Pasha Tatashin April 12, 2023, 7:57 p.m. UTC | #3
On Wed, Apr 12, 2023 at 1:54 PM David Rientjes <rientjes@google.com> wrote:
>
> On Wed, 12 Apr 2023, Pasha Tatashin wrote:
>
> > HugeTLB pages have a struct page optimizations where struct pages for tail
> > pages are freed. However, when HugeTLB pages are destroyed, the memory for
> > struct pages (vmemmap) need to be allocated again.
> >
> > Currently, __GFP_NORETRY flag is used to allocate the memory for vmemmap,
> > but given that this flag makes very little effort to actually reclaim
> > memory the returning of huge pages back to the system can be problem. Lets
> > use __GFP_RETRY_MAYFAIL instead. This flag is also performs graceful
> > reclaim without causing ooms, but at least it may perform a few retries,
> > and will fail only when there is genuinely little amount of unused memory
> > in the system.
> >
>
> Thanks Pasha, this definitely makes sense.  We want to free the hugetlb
> page back to the system so it would be a shame to have to strand it in the
> hugetlb pool because we can't allocate the tail pages (we want to free
> more memory than we're allocating).
>
> > Signed-off-by: Pasha Tatashin <pasha.tatashin@soleen.com>
> > Suggested-by: David Rientjes <rientjes@google.com>
> > ---
> >  mm/hugetlb_vmemmap.c | 5 ++++-
> >  1 file changed, 4 insertions(+), 1 deletion(-)
> >
> > diff --git a/mm/hugetlb_vmemmap.c b/mm/hugetlb_vmemmap.c
> > index a559037cce00..c4226d2af7cc 100644
> > --- a/mm/hugetlb_vmemmap.c
> > +++ b/mm/hugetlb_vmemmap.c
> > @@ -475,9 +475,12 @@ int hugetlb_vmemmap_restore(const struct hstate *h, struct page *head)
> >        * the range is mapped to the page which @vmemmap_reuse is mapped to.
> >        * When a HugeTLB page is freed to the buddy allocator, previously
> >        * discarded vmemmap pages must be allocated and remapping.
> > +      *
> > +      * Use __GFP_RETRY_MAYFAIL to fail only when there is genuinely little
> > +      * unused memory in the system.
> >        */
> >       ret = vmemmap_remap_alloc(vmemmap_start, vmemmap_end, vmemmap_reuse,
> > -                               GFP_KERNEL | __GFP_NORETRY | __GFP_THISNODE);
> > +                               GFP_KERNEL | __GFP_RETRY_MAYFAIL | __GFP_THISNODE);
> >       if (!ret) {
> >               ClearHPageVmemmapOptimized(head);
> >               static_branch_dec(&hugetlb_optimize_vmemmap_key);
>
> The behavior of __GFP_RETRY_MAYFAIL is different for high-order memory (at
> least larger than PAGE_ALLOC_COSTLY_ORDER).  The order that we're
> allocating would depend on the implementation of alloc_vmemmap_page_list()
> so likely best to move the gfp mask to that function.
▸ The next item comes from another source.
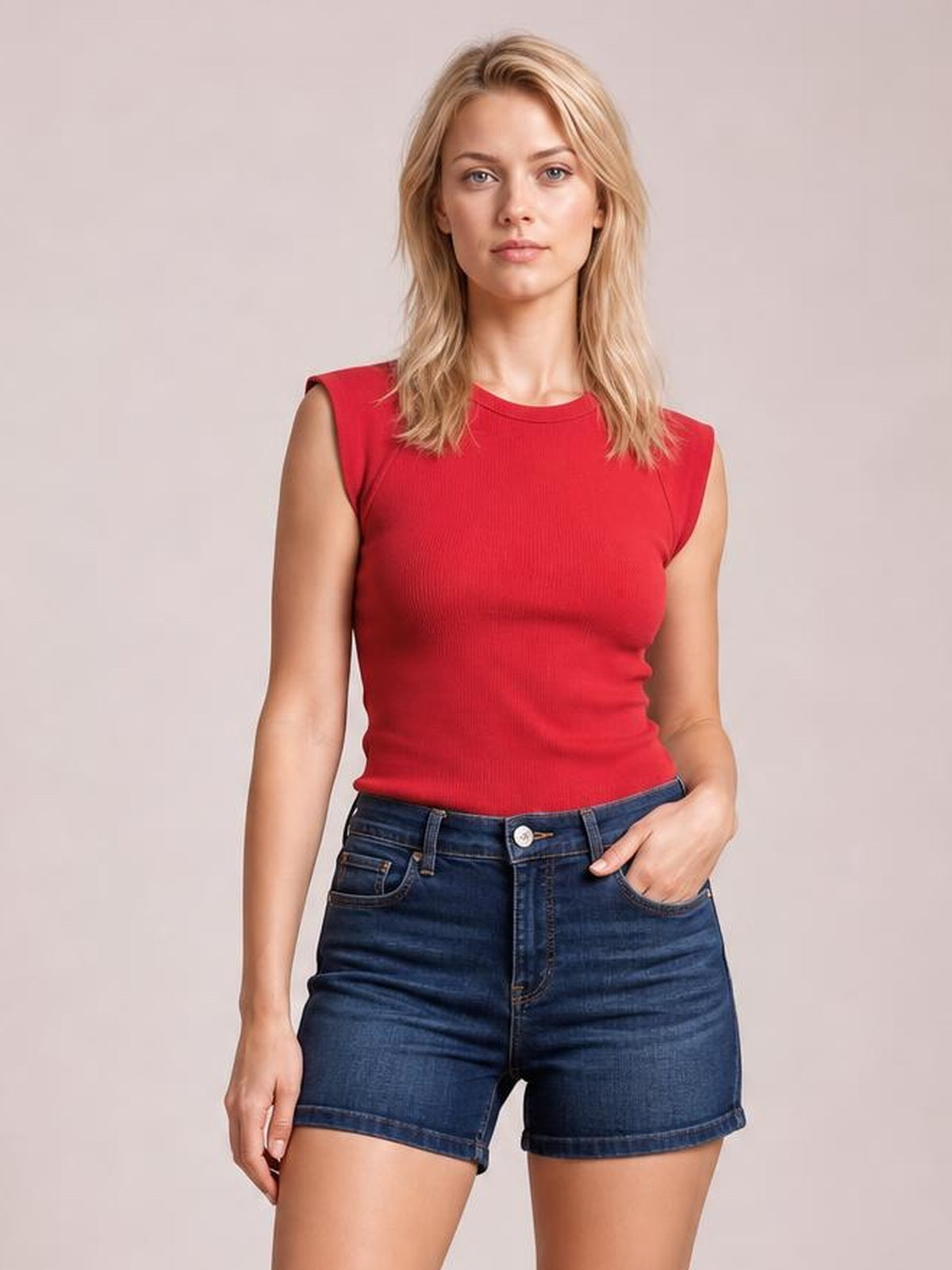 A woman modeling a sleeveless red top and dark blue denim shorts against a solid light beige studio background.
Thank you David. This makes sense, I will send the 2nd version soon.

Pasha
  
Pasha Tatashin April 12, 2023, 8 p.m. UTC | #4
On Wed, Apr 12, 2023 at 3:57 PM Mike Kravetz <mike.kravetz@oracle.com> wrote:
>
> On 04/12/23 10:54, David Rientjes wrote:
> > On Wed, 12 Apr 2023, Pasha Tatashin wrote:
> >
> > > HugeTLB pages have a struct page optimizations where struct pages for tail
> > > pages are freed. However, when HugeTLB pages are destroyed, the memory for
> > > struct pages (vmemmap) need to be allocated again.
> > >
> > > Currently, __GFP_NORETRY flag is used to allocate the memory for vmemmap,
> > > but given that this flag makes very little effort to actually reclaim
> > > memory the returning of huge pages back to the system can be problem. Lets
> > > use __GFP_RETRY_MAYFAIL instead. This flag is also performs graceful
> > > reclaim without causing ooms, but at least it may perform a few retries,
> > > and will fail only when there is genuinely little amount of unused memory
> > > in the system.
> > >
> >
> > Thanks Pasha, this definitely makes sense.  We want to free the hugetlb
> > page back to the system so it would be a shame to have to strand it in the
> > hugetlb pool because we can't allocate the tail pages (we want to free
> > more memory than we're allocating).
>
> Agree.
>
> The hugetlb vmemmmap freeing series went through more than 20 revisions
> before being merged.  One issue with much discussion was the need to
> allocate vmemmap pages when hugetlb pages were returned to buddy.
>
> It looks like the current set of GFP flags was suggested here:
> https://lore.kernel.org/linux-mm/YC4ji+pMhtOs+KVM@dhcp22.suse.cz/
>
> Although, it was also mentioned that __GFP_RETRY_MAYFAIL could be used
> instead of __GFP_NORETRY here:
> https://lore.kernel.org/linux-mm/YCafit5ruRJ+SL8I@dhcp22.suse.cz/
>
> Adding Michal on Cc: since these were his suggestions.

Thank you for the background Mike. I have sent the 2nd version, and
added Michal into that patch.

Pasha
  

Patch

diff --git a/mm/hugetlb_vmemmap.c b/mm/hugetlb_vmemmap.c
index a559037cce00..c4226d2af7cc 100644
--- a/mm/hugetlb_vmemmap.c
+++ b/mm/hugetlb_vmemmap.c
@@ -475,9 +475,12 @@  int hugetlb_vmemmap_restore(const struct hstate *h, struct page *head)
 	 * the range is mapped to the page which @vmemmap_reuse is mapped to.
 	 * When a HugeTLB page is freed to the buddy allocator, previously
 	 * discarded vmemmap pages must be allocated and remapping.
+	 *
+	 * Use __GFP_RETRY_MAYFAIL to fail only when there is genuinely little
+	 * unused memory in the system.
 	 */
 	ret = vmemmap_remap_alloc(vmemmap_start, vmemmap_end, vmemmap_reuse,
-				  GFP_KERNEL | __GFP_NORETRY | __GFP_THISNODE);
+				  GFP_KERNEL | __GFP_RETRY_MAYFAIL | __GFP_THISNODE);
 	if (!ret) {
 		ClearHPageVmemmapOptimized(head);
 		static_branch_dec(&hugetlb_optimize_vmemmap_key);